A segunda medida é a chamada pública
prevista pela Portaria nº 44/2015 do Ministério de Minas e Energia para
contratação de energia gerada por consumidores – shopping centers,
indústrias, condomínios etc. – pagando R$ 1.420,34/MWh, valor exatamente
igual ao custo de déficit (primeiro patamar) e que deveria implicar o
início do racionamento, com redução proporcional dos contratos, o que
reduziria a exposição dos geradores.
A terceira medida ocorre quando a
geração hidrelétrica é “deslocada” por outras fontes pelo chamado
Despacho Fora da Ordem de Mérito Econômico e pela política de
contratação de Energia de Reserva: embora as usinas hidrelétricas
estejam aptas a operar, o ONS, com o objetivo de manter água nos
reservatórios hidrelétricos, não dá o comando para a geração
hidrelétrica, aprofundando a diferença entre Garantia Física e energia
gerada e aumentando, portanto, a profundidade do GSF.
Medidas como as acima poderiam ser
caracterizadas como um racionamento técnico, ainda que não
explicitamente reconhecido pelo governo.
Os números mostram o tamanho do drama: o
saldo médio do GSF em 2014 foi de 90,7%, o que significa dizer que
houve uma geração 9,3% (100 – 90,7 = 9,3) inferior à Garantia Física. Se
os geradores estivessem 100% contratados, a diferença que precisaria
ser adquirida no Mercado de Curto Prazo ficaria em R$ 26 bilhões. As
projeções para 2015 são de um aprofundamento no GSF, que deve ser de
86,1%, impondo um custo de R$ 24 bilhões para uma contratação de 100% da
Garantia Física.[A explicação para a redução do valor em 2015, apesar
do GSF ser maior, dá-se pela redução do preço-teto no Mercado de Curto
Prazo].
As interações dos geradores
hidrelétricos com o governo e com a Aneel não têm sido animadoras. Além
da resistência em admitir a influência das políticas governamentais nas
causas que têm aumentado o GSF, as hipóteses de correção que têm
aparecido parecem caminhar para soluções individuais e casuísticas,
empresa a empresa. A solução deve ser estrutural, sistêmica e
definitiva.
O Ministério de Minas e Energia e a
Aneel precisam abrir seus olhos e ouvidos para, pelo menos, admitir que o
problema do GSF foi influenciado por fatores extemporâneos aos riscos
hidrológicos e comerciais dos geradores hidrelétricos. Devese buscar,
portanto, uma solução que aloque custos e riscos de forma equilibrada.
Mas o tempo trabalha contra: a cada mês que passa, aumentam as
distorções de alocação de custos e riscos.
Se nada for feito, dois efeitos
negativos podem ser esperados.
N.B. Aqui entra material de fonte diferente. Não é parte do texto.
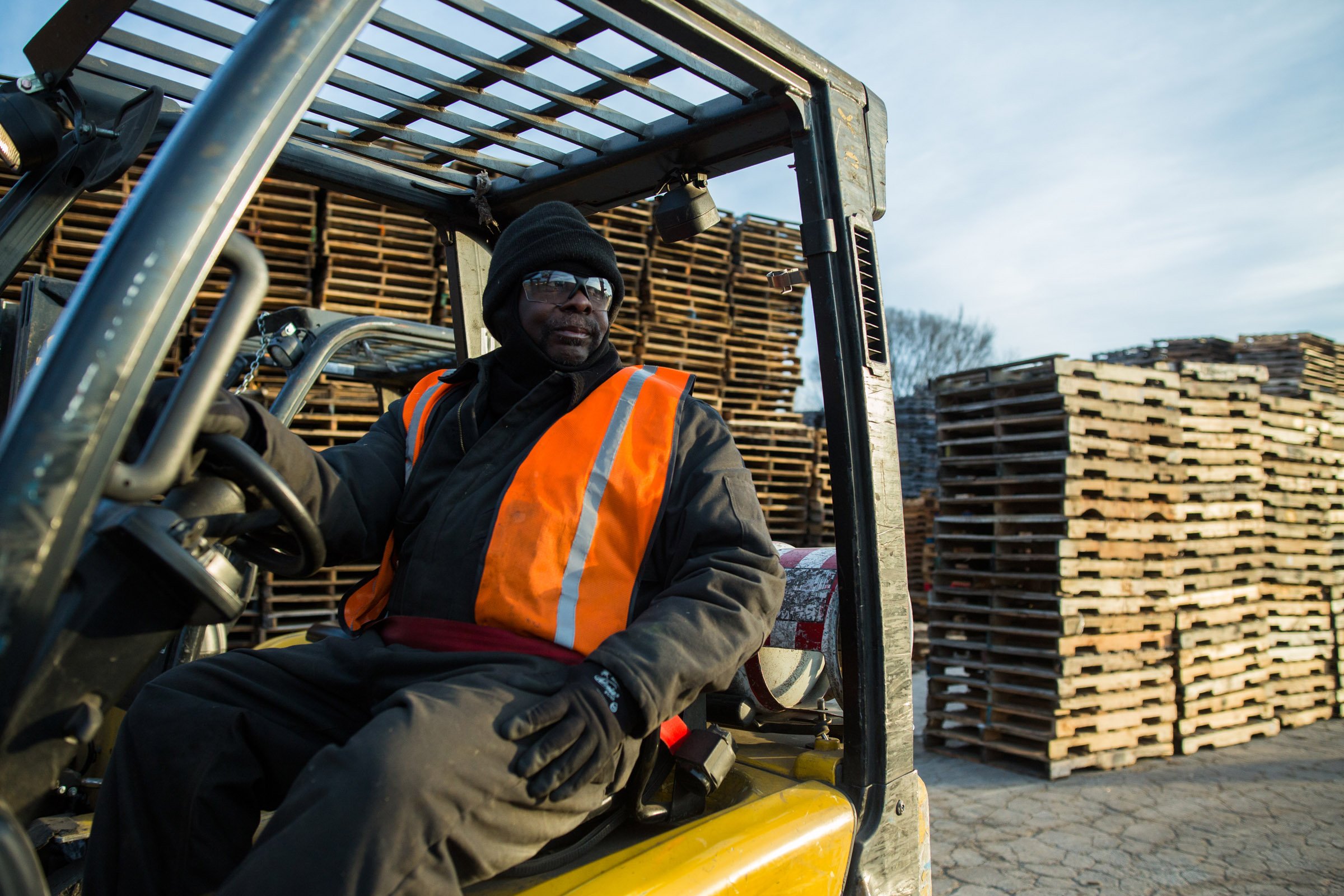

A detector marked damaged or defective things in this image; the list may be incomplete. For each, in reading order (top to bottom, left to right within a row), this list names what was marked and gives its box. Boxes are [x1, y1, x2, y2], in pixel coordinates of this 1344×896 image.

cracked concrete ground [919, 669, 1344, 892]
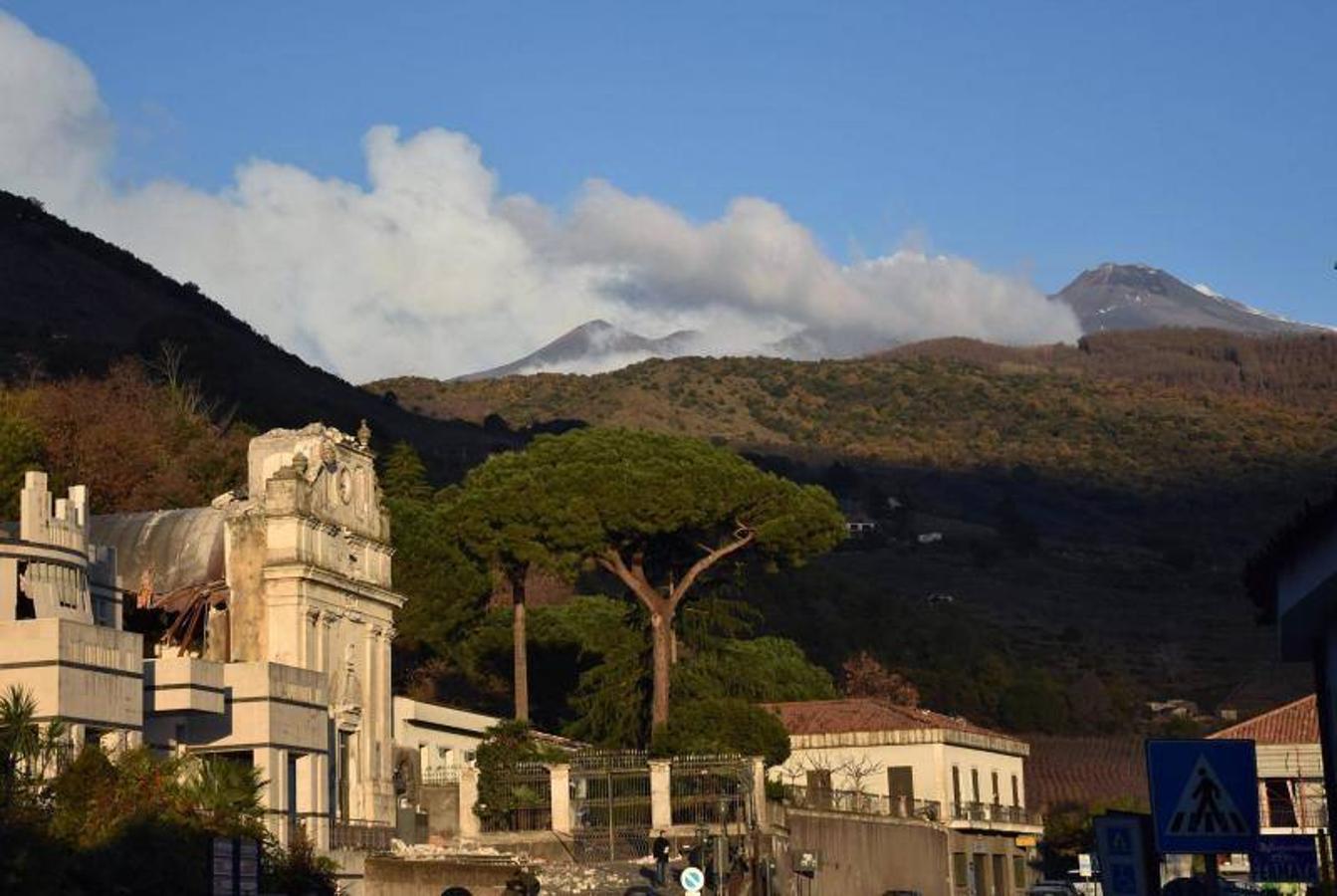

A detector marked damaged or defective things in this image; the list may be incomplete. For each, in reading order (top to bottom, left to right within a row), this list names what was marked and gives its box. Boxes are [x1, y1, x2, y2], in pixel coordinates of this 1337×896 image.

damaged baroque facade [0, 422, 402, 852]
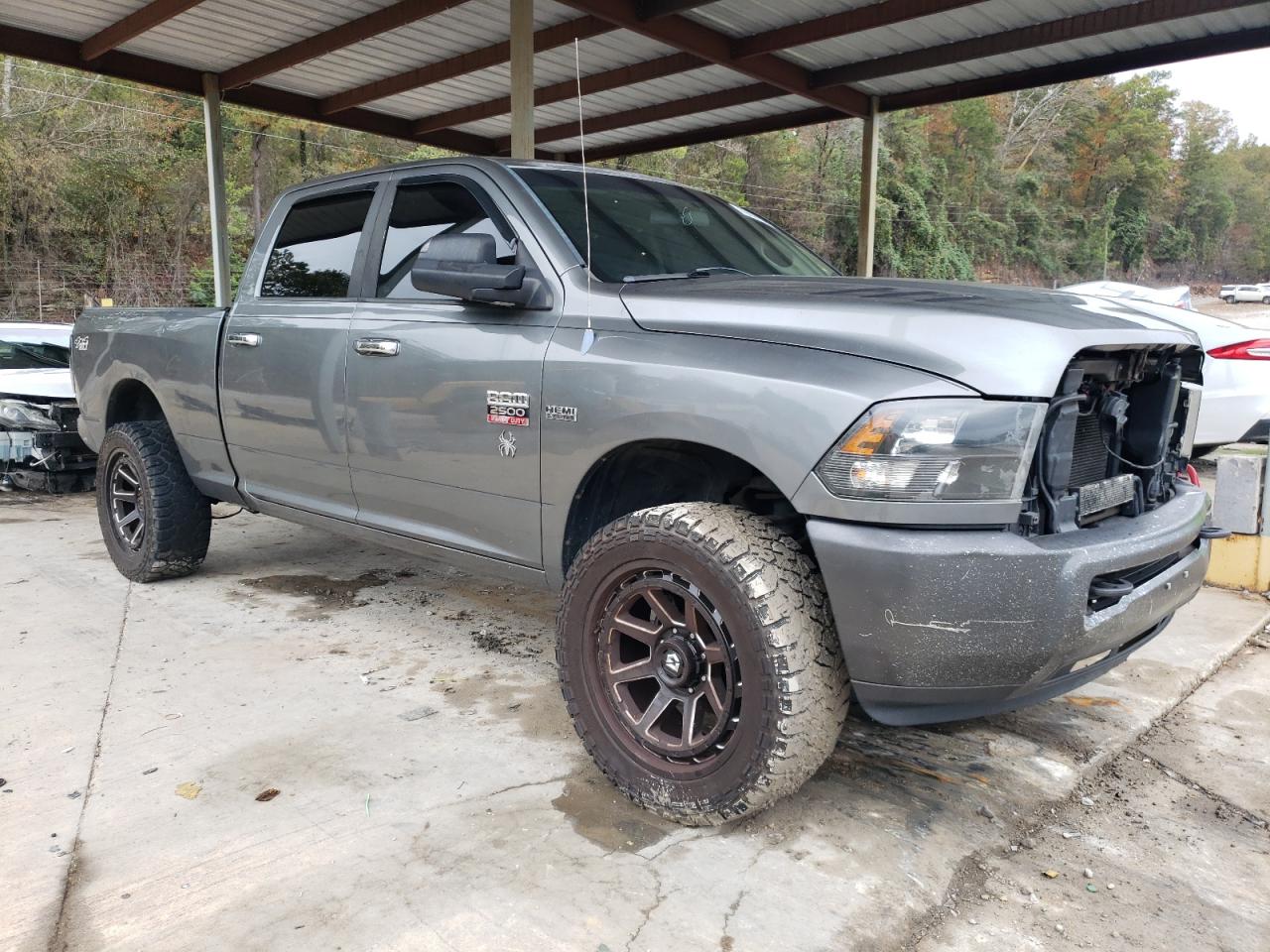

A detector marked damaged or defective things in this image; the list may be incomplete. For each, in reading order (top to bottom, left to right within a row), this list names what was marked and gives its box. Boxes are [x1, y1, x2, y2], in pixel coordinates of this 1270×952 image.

damaged front end [0, 395, 96, 494]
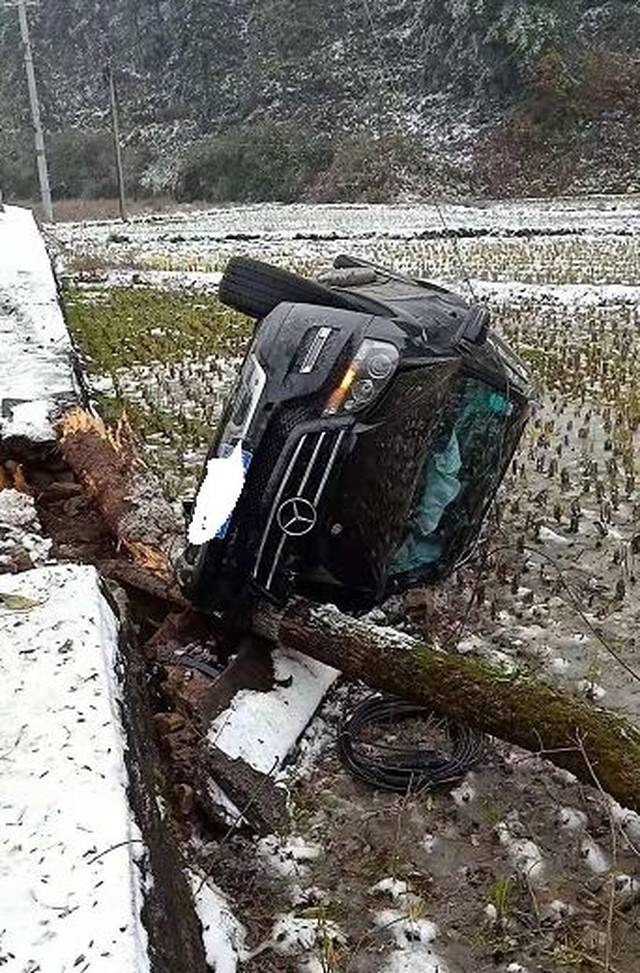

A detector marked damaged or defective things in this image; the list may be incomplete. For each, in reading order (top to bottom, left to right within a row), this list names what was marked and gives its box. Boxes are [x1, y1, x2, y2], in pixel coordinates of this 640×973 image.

overturned black suv [178, 254, 532, 612]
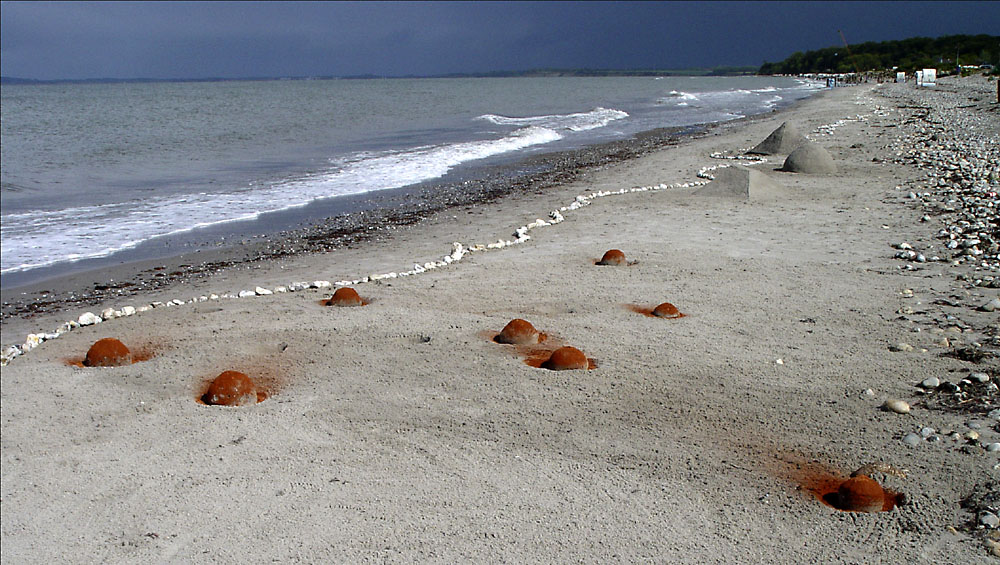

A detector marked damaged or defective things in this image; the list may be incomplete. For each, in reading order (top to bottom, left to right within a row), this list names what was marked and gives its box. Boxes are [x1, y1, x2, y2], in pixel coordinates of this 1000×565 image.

rusty cannonball [596, 248, 628, 266]
rusty cannonball [324, 288, 364, 306]
rusty cannonball [496, 318, 544, 344]
rusty cannonball [82, 338, 132, 368]
rusty cannonball [544, 344, 588, 370]
rusty cannonball [202, 370, 258, 406]
rusty cannonball [836, 474, 884, 512]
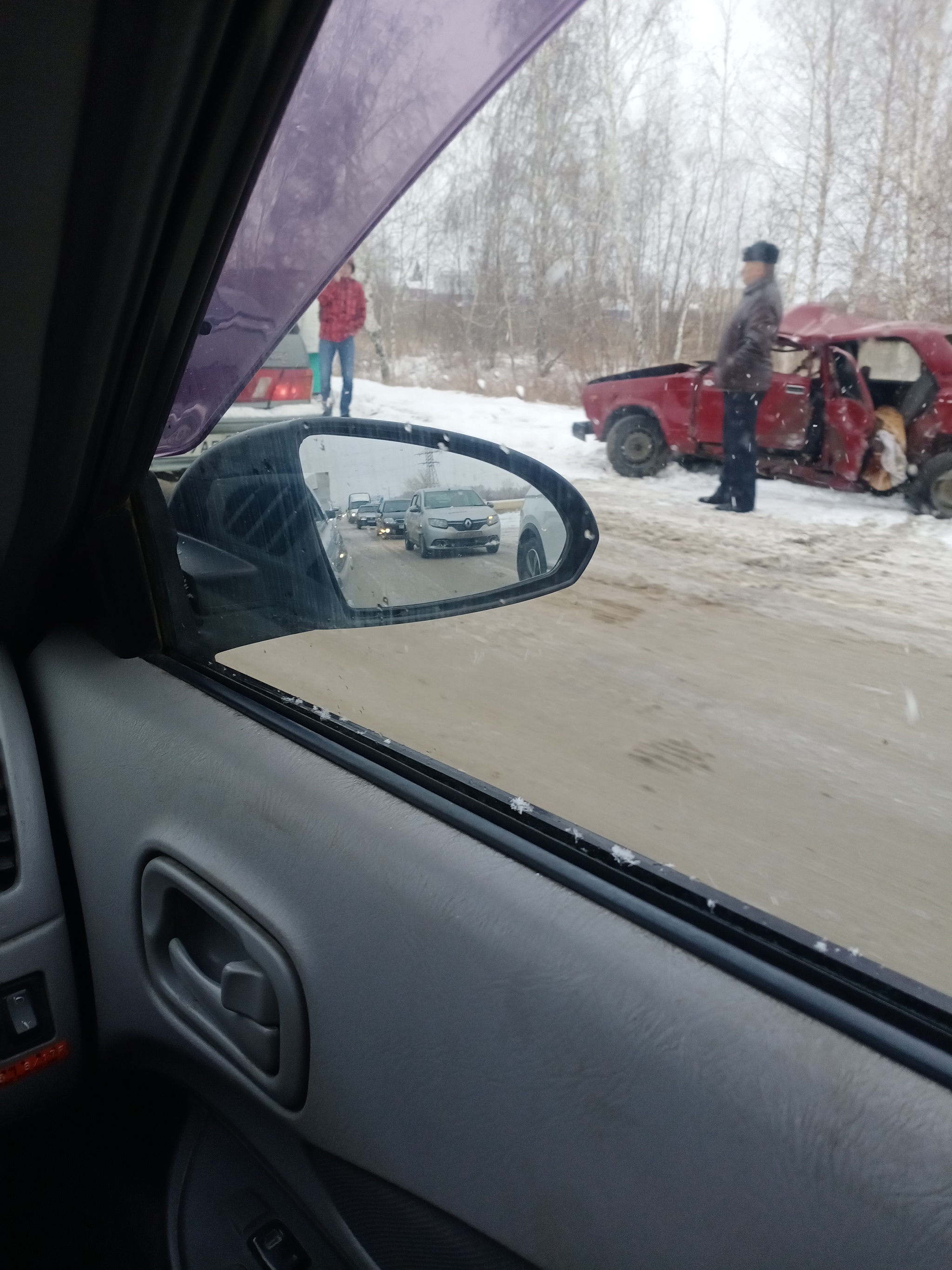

Em primeiro lugar, os geradores
hidrelétricos serão forçados a adotar estratégias mais conservadoras e
reduzirão drasticamente sua oferta de energia nos leilões de Energia
Existente e no Ambiente de Contratação Livre, o que submeterá os
consumidores aos preços altos do Mercado de Curto Prazo.
Em segundo lugar, caminharemos para um
cenário de judicialização envolvendo valores bilionários, opção que
deveria ser excluída num momento tão delicado de um país que tem buscado
disseminar globalmente mensagens de credibilidade, previsibilidade e
confiança para a atração de investimentos.
Claudio J. D. Sales, Eduardo Müller Monteiro e Richard Lee Hochstetler são do Instituto Acende Brasil (www.acendebrasil.com.br).
Comentário de Ivo Pugnaloni:
Mais um artigo focando os equívocos do planejamento da expansão da geração no Brasil.
E que demonstra, mesmo
involuntariamente, como a nossa atual dependência de termoelétricas
movidas a combustíveis fósseis pode ter sido milimetricamente planejada.
E nunca evitada.
E como essa política apresenta vulnerabilidade a casuísmos e subjetividades.